Marawah abrite également d'autres espèces protégées telles que des tortues, des dauphins et certains des coraux les plus résistants à la chaleur au monde.
Mais voilà, l’industrie pétrolière et gazière a frappé !
Lors de la conférence des Nations Unies sur les changements climatiques à Dubaï, le gouvernement des Émirats arabes unis doit faciliter les négociations de 198 pays, dans le but de prendre des mesures décisives CONTRE le changement climatique.
Le Dr Ahmed Al-Jaber, président de la COP28 de la CCNUCC, est également directeur général et PDG du groupe ADNOC, la société pétrolière et gazière des Émirats arabes unis, classée n°20 au monde.
Il s’agit d’un conflit d’intérêts évident. Une nouvelle extraction de pétrole et de gaz est la dernière chose dont cette planète en surchauffe a besoin. De plus, ce nouveau gisement de gaz fossile menace un écosystème unique. La COP28 montrera la détermination des Émirats arabes unis à conduire le monde vers une transition énergétique efficace.

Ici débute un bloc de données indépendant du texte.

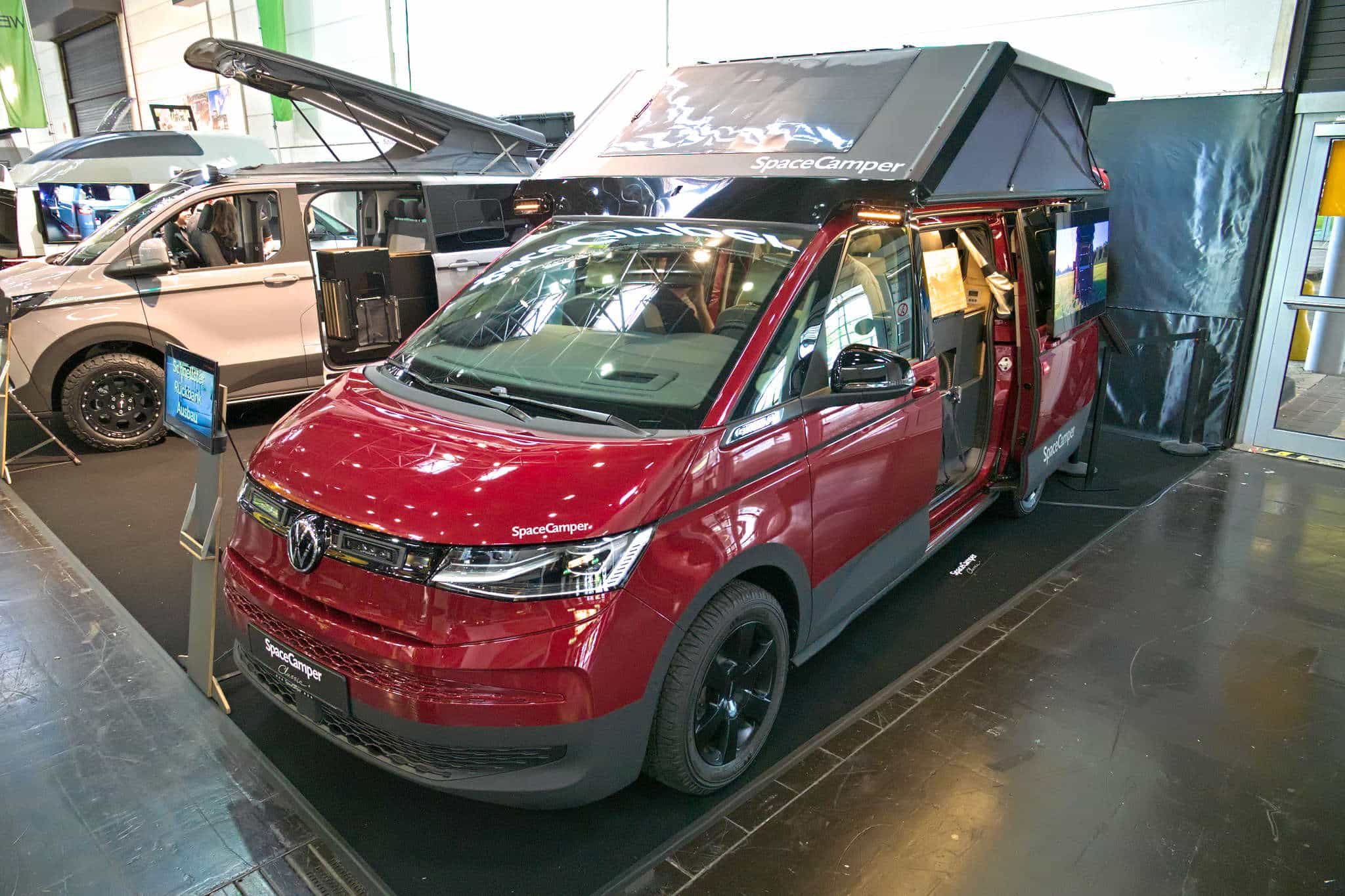 New products 2024 from SpaceCamper: Innovative roof constructions and modular extension systems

11 îles artificielles, des puits de pétrole et de gaz, un réseau de pipelines, des infrastructures de transport maritime et des lignes électriques sont nécessaires pour maintenir cette opération industrielle massive.
Une fois terminé, le projet extraira du gaz fossile qui provoque des émissions de plus de 49.6 millions de tonnes de CO2 par an.
A titre de comparaison : le Ghana tout entier en produit moins de la moitié, soit seulement 20 millions de tonnes de CO2/an.
Mme Al-Moubarak connaît les risques de l’extraction de gaz fossile et de pétrole pour les habitats marins – et pour les Dugongs. Et elle connaît l’impact des émissions de ce mégaprojet pétrolier et gazier.
Elle milite depuis longtemps pour que la nature ait une place à la table, y compris dans les négociations sur le changement climatique.
Le Congrès mondial de la nature de l'UICN a appelé
« … les gouvernements doivent interdire les activités industrielles et le développement d’infrastructures préjudiciables à l’environnement dans toutes les catégories d’aires protégées de l’UICN,… »(COE 2016)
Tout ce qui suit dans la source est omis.